DAVOS. Dal nostro inviato
Ecco l'Europa tedesca che ha fatto tutti i suoi compiti. E che ora spiega - ma senza alzare la voce né pensare di dare lezioni ma solo consigliare - cosa dovrebbero fare gli altri europei, meno diligenti. Dall'euro che non si tocca al debito, cioè «la peggiore minaccia alla prosperità europea».
Se il giorno prima Nicolas Sarkozy era stato Guascone, ieri Angela Merkel è stata come una maestra: senza fronzoli retorico ma pacata e implacabile come sono quegli insegnanti che a giugno vogliono portare tutta la classe alla promozione.

C'è solo un breve passo del discorso al World Economic Forum, nel quale il cancelliere tedesco si permette di invitare palesemente gli altri europei a seguire il modello tedesco: «Le misure di risparmio e di crescita non sono in contrasto». Con la pacatezza della buona maestra Merkel spiega come stanno le cose come se raccontasse una parabola: «Sono stata criticata, è stato detto alla Germania che dovrebbe contribuire alla crescita europea. Ma se si consolida, minaccia la crescita. Eppure negli ultimi due anni abbiamo avuto una esperienza molto interessante: abbiamo tagliato le spese e l'anno scorso siamo cresciuti del 3,6%».

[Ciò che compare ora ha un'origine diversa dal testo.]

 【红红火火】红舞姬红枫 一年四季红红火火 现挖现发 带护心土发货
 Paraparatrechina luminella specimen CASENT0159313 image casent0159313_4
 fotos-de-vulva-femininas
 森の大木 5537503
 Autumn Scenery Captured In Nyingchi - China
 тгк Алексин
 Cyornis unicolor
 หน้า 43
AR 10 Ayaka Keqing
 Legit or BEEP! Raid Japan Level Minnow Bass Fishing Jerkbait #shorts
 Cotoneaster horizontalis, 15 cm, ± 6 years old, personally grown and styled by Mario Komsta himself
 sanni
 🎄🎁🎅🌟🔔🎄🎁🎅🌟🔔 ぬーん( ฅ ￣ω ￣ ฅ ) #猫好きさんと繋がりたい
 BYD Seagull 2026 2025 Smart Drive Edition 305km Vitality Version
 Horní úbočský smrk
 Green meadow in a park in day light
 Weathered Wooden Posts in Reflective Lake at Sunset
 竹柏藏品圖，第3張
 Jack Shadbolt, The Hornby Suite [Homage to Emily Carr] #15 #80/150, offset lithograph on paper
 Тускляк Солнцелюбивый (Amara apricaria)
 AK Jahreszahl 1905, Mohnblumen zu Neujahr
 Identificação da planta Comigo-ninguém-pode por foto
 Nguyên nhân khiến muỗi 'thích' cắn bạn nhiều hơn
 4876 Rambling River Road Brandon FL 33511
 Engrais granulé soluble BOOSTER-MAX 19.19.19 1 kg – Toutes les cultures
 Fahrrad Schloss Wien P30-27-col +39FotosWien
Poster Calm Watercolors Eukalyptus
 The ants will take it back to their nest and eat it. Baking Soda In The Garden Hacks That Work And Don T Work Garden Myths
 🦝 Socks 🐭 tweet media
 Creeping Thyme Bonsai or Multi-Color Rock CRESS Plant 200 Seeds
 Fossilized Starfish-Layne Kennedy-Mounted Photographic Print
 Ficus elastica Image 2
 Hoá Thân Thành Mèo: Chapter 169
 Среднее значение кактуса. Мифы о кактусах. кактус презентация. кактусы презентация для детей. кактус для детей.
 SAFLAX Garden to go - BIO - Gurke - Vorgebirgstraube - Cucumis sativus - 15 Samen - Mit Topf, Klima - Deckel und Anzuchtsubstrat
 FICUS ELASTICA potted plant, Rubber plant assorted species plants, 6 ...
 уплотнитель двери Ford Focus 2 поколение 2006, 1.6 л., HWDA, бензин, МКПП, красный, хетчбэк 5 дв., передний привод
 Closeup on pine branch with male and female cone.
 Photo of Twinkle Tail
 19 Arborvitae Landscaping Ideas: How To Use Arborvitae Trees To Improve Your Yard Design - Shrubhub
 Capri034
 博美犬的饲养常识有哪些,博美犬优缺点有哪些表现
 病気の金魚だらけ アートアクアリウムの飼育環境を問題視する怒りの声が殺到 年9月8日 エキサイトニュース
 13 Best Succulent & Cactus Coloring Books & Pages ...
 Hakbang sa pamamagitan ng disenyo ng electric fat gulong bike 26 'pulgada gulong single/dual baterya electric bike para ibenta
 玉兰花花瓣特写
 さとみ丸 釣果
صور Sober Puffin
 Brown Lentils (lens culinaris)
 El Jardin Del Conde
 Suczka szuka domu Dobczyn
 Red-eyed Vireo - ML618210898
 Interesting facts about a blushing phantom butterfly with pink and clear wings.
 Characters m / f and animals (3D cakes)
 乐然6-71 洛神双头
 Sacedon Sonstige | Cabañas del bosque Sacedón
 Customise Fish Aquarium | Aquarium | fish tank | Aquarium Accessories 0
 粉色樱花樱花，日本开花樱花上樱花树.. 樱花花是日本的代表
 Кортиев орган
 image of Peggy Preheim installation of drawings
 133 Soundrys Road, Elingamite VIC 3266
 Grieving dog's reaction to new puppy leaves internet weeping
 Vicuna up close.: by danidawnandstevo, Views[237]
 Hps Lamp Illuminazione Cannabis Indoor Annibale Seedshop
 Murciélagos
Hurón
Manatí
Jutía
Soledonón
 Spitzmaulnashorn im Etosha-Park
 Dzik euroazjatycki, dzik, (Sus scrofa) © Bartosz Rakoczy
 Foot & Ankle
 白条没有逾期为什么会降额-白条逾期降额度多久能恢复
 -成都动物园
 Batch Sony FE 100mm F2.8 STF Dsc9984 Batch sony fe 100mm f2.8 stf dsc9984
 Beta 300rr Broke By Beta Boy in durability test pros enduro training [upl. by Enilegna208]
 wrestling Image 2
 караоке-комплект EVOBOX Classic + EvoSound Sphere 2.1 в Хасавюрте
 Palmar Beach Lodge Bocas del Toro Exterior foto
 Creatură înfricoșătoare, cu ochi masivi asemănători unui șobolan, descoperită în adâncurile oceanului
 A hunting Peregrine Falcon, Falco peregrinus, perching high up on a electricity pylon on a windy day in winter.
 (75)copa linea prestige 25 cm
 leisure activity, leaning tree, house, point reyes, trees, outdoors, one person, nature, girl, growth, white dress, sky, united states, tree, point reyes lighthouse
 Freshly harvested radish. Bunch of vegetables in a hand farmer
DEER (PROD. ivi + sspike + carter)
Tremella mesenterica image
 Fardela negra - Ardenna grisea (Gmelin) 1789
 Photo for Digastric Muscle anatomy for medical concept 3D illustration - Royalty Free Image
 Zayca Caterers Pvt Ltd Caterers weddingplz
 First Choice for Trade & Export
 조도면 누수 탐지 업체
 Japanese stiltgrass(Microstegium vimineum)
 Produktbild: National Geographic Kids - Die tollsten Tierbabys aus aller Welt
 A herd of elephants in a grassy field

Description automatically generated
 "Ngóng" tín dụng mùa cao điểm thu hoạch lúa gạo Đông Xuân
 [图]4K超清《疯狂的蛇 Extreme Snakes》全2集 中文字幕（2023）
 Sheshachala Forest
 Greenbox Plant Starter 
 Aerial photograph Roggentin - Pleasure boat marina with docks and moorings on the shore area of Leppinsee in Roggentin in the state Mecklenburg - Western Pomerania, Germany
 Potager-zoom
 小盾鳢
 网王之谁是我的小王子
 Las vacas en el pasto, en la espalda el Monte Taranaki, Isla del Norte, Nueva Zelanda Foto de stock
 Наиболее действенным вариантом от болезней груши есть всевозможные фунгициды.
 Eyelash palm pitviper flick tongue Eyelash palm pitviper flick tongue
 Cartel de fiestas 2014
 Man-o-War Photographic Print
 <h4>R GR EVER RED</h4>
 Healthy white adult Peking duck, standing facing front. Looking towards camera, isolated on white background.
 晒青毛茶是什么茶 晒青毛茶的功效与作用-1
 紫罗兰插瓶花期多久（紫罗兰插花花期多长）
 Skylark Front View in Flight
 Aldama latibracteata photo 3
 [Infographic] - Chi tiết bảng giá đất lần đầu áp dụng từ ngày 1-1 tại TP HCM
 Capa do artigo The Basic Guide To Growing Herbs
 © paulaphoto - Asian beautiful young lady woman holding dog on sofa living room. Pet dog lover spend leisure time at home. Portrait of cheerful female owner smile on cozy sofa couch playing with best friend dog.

«Ma guarda un po'!», direbbero se potessero gli altri europei in malafede, facendo finta di non sapere che è come fa la Germania che si può tagliare e nonostante questo crescere. Per fortuna c'è la moneta comune e dunque alla fine ci penseranno ancora i tedeschi. Ma ecco che Angela Merkel arriva anche ai banchi in fondo alla classe dove si nascondono quelli che credono di farla franca. «Non possiamo avere una moneta comune e contemporaneamente sistemi sociali completamente divergenti». Occorre dunque fra tutti i paesi europei una convergenza sulla stessa età pensionabile, lo stesso sistema educativo e molte altre cose omogenee.

Come sul debito, si terrà conto delle necessità e delle peculiarità di ogni singolo paese. Ma alla fine se è la Germania che paga, è la Germania che fissa le nuove regole. Angela Merkel non lo dice proprio così, ma il senso è questo. Perché i problemi non sono passati, il pericolo è ancora alle porte e qualcuno se ne deve occupare. L'allarme del debito c'è sempre. E inoltre, «attenzione al ritorno del protezionismo. Occorre una guida politica per arrivare a un accordo sul commercio mondiale». Già quest'anno, nel 2011, sarebbe molto meglio. Fosse l'anno prossimo, i pericoli protezionistici potrebbero permanere e crescere.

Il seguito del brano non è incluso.